Vala Sciences introduced the IC200 high-content screening imager, which uses novel chromatic aberration to correct for differences in focal plane for colors. This produces a rapid focus on objects in the Z direction and greatly reduces artifacts arising from variations in the bottom of plastic multiple-well plates. One study showed that this can affect the Z focus by as much as 3 μm. This adversely affects the coefficient of variation for the cytometric features. The IC200 can be fitted with an electrode assembly that adds kinetic imaging produced with electrical stimulation of cells such as cardiomyocytes. This is called the Kinetic Image Cytometer (KIC). Electrical stimulation modulates the calcium flux across the cell membrane. With the KIC, the flux is measured for individual cells from movies recorded at 30 Hz. Special software identifies and tracks the calcium transients for each cell in the view field. Vala expects that the KIC will be the instrument of choice for cardiotoxicity testing.

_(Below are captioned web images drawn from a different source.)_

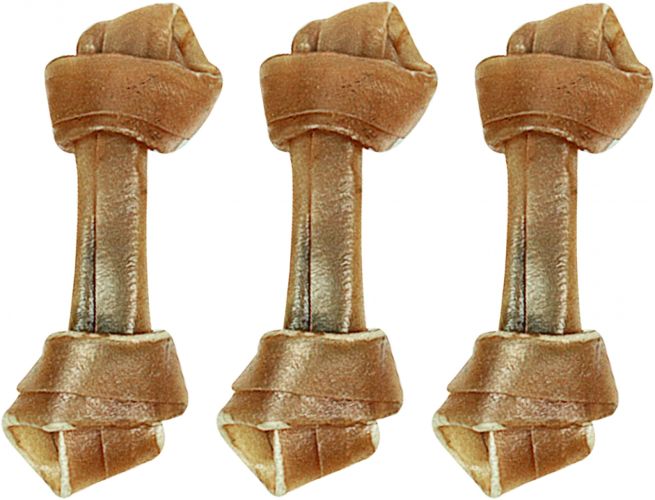 Flamingo préselt bőrcsomó 3 x  12 cm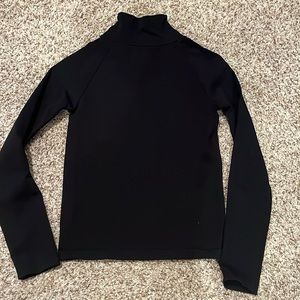 Free people open back turtleneck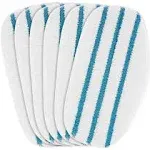 LINNIW 6 Pack Replacement Steam Mop Pads Compatible PurSteam ThermaPro 10-in-1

Three-dimensional imaging is new and potentially much more important in cell biology than in entertainment. Conventional cell imaging typically looked at a layer of cells, but cells often grow in three dimensions. Bellbrook Labs (Madison, WI) introduced the IUVO 3-D cell-based assay service, in which microchannels are filled with cells embedded in collagen. An aliquot of test reagent is added to the sample port, and a cocktail of antibodies and detection reagents is added to the input port. The microchannels are incubated for a predetermined time, usually 16 hr. A quick scan of the plate using a conventional whole-well plate imager is summarized in a conventional dose response plot. The company claims that when cells are given a proper 3-D scaffold, they undergo polarization and differentiation resembling in vivo structures. Differences have already been shown in cell migration and therapeutic efficacy between flat plastic and 3-D environments.

Kinetics is another topic that is gaining interest, as well it should. Many of the HCA experiments use a single time point, i.e., measure after 16 hr of incubation. This may be convenient, but others report that a good scan needs to include the kinetics as well, especially when comparing therapeutic activity to toxicity. The mechanisms are often different, with toxicity being much quicker than therapeutic response. However, making screens at several time points increases the run time and data file proportionally, and the data files are already large. In spite of this, interest in imaging live cells appears to be growing.